I also thought a water shader demo may contain some details on this (for fake refraction), but it does not appear to concern itself with cubemaps.
I am under the impression the difference between a UV and a cubemap is that a uv uses two coordinates, u and v to determine the fragment colour for a 2D texture.
A cubemap is a 3D cube whose 2D surface surrounds a central origin, and the coordinates that determine the fragment colour are the points on the cube surface that 3d directional vectors intersect from the origin.
I am unsure how the shader decides where the fragment colour from the cubemap should go although I’m guessing it just maps the cubemap surface coordinates onto the UV somehow, and this is handled by the texture(cubemap, vector) function.
This being so, I thought I could test this using a normalised version of VERTEX in the fragment function, and a populated cubemap assigned to a samplerCube uniform on a shader attached to a cube:
uniform samplerCube cubemap; // Populated with 6 1024 x 1354 image resources
// via the editor
void fragment(){
ALBEDO = texture(cubemap, normalize(VERTEX))
}
As I understand, the texture function used like this returns a fragment colour from the cubemap depending on where the vector passed as the second argument points on the cube.
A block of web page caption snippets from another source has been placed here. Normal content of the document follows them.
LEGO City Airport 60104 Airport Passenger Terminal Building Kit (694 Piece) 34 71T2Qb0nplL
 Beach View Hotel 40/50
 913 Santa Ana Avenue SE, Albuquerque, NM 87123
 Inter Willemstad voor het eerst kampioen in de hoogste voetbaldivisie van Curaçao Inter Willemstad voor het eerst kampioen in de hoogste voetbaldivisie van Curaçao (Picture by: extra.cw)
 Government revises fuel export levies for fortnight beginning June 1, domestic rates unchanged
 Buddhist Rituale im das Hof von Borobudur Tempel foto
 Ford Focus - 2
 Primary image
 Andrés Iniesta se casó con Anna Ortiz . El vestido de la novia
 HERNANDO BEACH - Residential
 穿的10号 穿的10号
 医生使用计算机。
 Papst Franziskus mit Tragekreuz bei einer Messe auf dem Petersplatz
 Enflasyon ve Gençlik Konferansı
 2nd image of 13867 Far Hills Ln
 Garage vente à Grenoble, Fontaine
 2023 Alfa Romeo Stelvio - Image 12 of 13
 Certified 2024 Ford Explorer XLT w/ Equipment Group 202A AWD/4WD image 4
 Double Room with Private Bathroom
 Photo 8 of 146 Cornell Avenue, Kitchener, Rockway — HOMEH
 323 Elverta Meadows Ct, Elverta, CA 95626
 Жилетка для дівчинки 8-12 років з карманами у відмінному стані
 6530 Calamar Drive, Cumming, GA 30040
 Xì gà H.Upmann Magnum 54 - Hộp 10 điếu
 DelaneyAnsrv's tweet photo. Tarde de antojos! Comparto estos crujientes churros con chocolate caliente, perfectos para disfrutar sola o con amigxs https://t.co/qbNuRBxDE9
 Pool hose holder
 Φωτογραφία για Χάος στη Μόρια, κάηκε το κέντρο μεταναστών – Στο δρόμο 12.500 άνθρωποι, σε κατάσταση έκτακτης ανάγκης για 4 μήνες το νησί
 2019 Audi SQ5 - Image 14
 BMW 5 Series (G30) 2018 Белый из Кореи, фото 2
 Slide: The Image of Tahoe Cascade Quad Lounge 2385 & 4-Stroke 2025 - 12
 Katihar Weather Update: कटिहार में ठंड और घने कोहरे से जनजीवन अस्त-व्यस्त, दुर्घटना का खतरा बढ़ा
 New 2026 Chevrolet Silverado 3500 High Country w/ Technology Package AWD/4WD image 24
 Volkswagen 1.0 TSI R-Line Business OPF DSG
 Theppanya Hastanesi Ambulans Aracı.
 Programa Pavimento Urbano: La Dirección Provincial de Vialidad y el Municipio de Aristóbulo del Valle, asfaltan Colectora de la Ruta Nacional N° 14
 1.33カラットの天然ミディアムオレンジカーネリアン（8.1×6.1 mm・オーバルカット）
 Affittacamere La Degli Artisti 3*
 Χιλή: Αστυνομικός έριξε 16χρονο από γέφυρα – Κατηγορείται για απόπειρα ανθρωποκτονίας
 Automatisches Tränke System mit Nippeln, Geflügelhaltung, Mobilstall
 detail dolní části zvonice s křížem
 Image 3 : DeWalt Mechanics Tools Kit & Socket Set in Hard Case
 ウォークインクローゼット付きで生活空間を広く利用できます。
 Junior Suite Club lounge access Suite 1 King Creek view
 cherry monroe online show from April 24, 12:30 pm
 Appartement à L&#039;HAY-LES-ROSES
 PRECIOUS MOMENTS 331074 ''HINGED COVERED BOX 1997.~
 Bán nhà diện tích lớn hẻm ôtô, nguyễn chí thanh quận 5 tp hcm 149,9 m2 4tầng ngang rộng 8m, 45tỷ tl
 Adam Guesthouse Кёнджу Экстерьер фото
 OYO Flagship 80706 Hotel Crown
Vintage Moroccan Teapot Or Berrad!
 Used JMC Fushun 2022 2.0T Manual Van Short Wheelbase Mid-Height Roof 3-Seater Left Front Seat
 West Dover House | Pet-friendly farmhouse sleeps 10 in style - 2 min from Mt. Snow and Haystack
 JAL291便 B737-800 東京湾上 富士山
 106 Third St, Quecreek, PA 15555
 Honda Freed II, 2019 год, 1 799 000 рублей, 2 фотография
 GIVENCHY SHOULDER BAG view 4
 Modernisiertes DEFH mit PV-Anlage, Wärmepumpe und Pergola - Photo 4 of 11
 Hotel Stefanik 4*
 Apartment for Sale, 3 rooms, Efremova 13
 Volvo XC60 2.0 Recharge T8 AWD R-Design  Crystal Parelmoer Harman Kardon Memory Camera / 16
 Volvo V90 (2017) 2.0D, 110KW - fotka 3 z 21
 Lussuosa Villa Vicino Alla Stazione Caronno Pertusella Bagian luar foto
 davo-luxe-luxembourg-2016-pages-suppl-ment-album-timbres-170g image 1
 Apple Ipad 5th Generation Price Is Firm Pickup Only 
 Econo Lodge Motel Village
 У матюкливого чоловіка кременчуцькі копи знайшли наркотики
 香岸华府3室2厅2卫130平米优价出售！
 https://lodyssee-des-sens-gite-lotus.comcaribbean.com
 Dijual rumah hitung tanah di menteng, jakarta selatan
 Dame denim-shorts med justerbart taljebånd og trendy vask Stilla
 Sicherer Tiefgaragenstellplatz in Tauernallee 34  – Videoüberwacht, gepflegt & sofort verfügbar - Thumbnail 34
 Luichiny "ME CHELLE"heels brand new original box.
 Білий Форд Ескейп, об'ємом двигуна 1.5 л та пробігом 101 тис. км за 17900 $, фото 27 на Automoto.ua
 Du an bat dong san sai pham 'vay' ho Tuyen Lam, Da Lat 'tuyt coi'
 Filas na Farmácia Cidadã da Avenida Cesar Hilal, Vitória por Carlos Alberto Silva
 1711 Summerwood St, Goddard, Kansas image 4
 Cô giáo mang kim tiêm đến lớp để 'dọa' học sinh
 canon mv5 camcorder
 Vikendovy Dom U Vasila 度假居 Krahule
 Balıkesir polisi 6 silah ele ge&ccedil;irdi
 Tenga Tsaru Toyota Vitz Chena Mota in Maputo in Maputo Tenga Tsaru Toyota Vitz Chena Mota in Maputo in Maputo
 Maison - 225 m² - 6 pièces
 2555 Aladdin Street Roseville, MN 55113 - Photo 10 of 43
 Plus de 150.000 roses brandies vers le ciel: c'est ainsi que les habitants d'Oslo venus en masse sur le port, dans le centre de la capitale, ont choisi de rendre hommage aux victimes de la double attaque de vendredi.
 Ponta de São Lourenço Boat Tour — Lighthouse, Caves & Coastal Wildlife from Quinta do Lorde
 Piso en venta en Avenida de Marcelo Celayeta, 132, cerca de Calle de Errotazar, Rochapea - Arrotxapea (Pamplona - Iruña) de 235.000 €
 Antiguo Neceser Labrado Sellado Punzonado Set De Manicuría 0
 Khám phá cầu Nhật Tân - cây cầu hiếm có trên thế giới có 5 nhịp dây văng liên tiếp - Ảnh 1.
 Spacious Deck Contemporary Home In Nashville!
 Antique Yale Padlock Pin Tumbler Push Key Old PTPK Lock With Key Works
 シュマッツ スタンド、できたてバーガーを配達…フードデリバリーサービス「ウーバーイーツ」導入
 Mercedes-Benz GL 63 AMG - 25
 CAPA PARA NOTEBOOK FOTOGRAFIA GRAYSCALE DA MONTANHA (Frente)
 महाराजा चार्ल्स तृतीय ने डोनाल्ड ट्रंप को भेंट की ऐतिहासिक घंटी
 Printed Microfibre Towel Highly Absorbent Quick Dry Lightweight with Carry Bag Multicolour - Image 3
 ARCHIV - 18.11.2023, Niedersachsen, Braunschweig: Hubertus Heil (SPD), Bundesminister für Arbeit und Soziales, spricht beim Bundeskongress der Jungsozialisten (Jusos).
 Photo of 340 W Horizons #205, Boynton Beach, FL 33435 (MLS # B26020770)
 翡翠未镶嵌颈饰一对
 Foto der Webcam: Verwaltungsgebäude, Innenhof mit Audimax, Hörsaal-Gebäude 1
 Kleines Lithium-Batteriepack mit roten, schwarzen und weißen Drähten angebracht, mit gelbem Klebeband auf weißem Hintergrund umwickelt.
Therefore, using this simple shader on a cube should project at least some colour on the cube interpolated between where the shader decides to put the fragment colours on the mesh.
However, when doing this I am left with a black (although not unshaded) cube, suggesting I am doing something wrong.
I think it may be something to do with the direct assignment of the texture function onto ALBEDO, as I am not sure how it would translate the cubemap colour coordinates onto the mesh surface, or maybe it was the attempt to use a directional vector in the fragment function (but I am new to shaders, so I am not entirely sure what the rules are).
Admittedly, this is a relatively simple cube and so I’m not sure the VERTEX function would return many points, but surely by this logic at least some interpolated colours should show up on the shader.